[EXERCISE DESCRIPTION]
Could you output each line below precisely as it stands, without the images?

(Beginning of EXERCISE DATA)

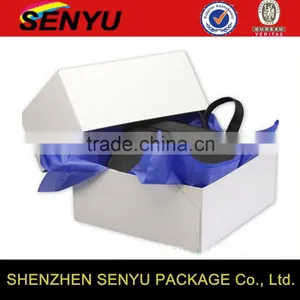 White Paper Custom Printing Luxury Gift Box Packaging for Sale thumbnail-1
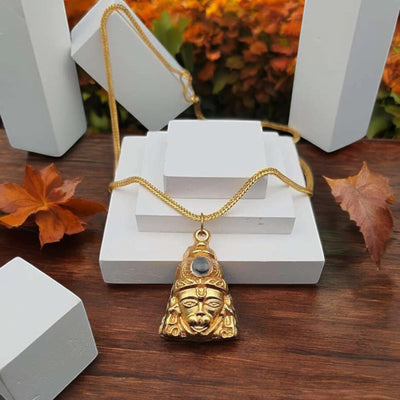 Hanuman Chalisa Locket | Laser Engraved Pendant with Chain | Spiritual Gift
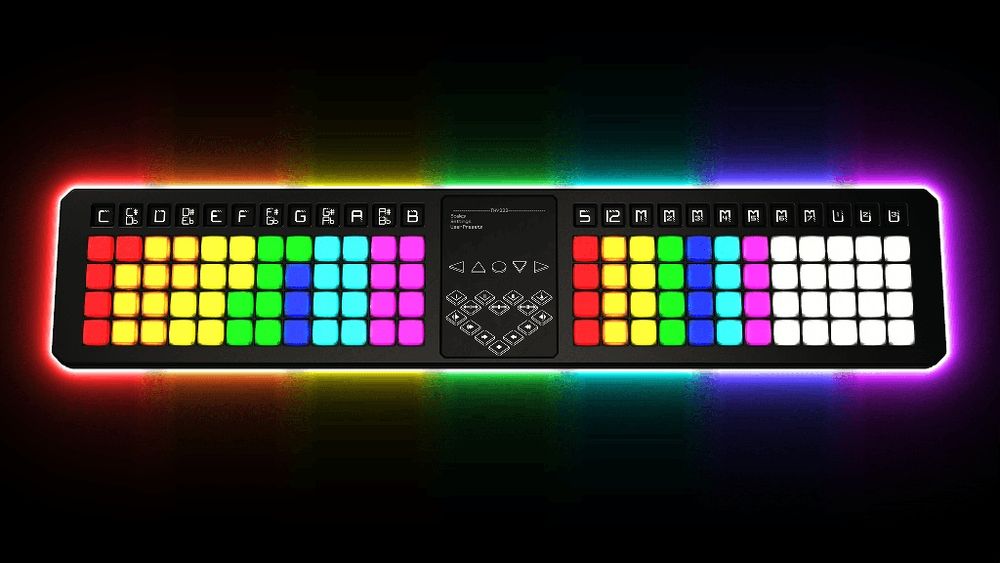 Controller midi  acorduri muzicale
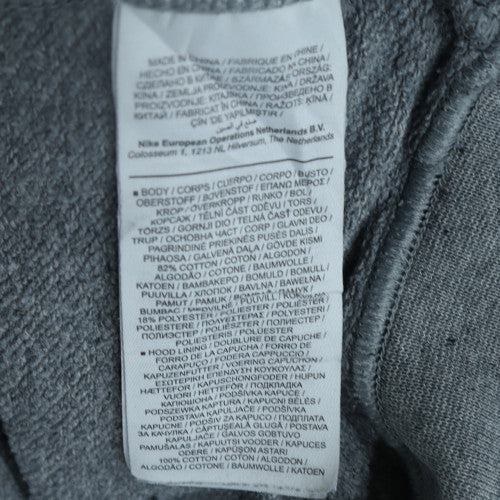 Womens UK Size S Nike Grey Pullover Hoodie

(End of EXERCISE DATA)

[REPLY TO THE EXERCISE]
 White Paper Custom Printing Luxury Gift Box Packaging for Sale thumbnail-1
 Hanuman Chalisa Locket | Laser Engraved Pendant with Chain | Spiritual Gift
 Controller midi  acorduri muzicale
 Womens UK Size S Nike Grey Pullover Hoodie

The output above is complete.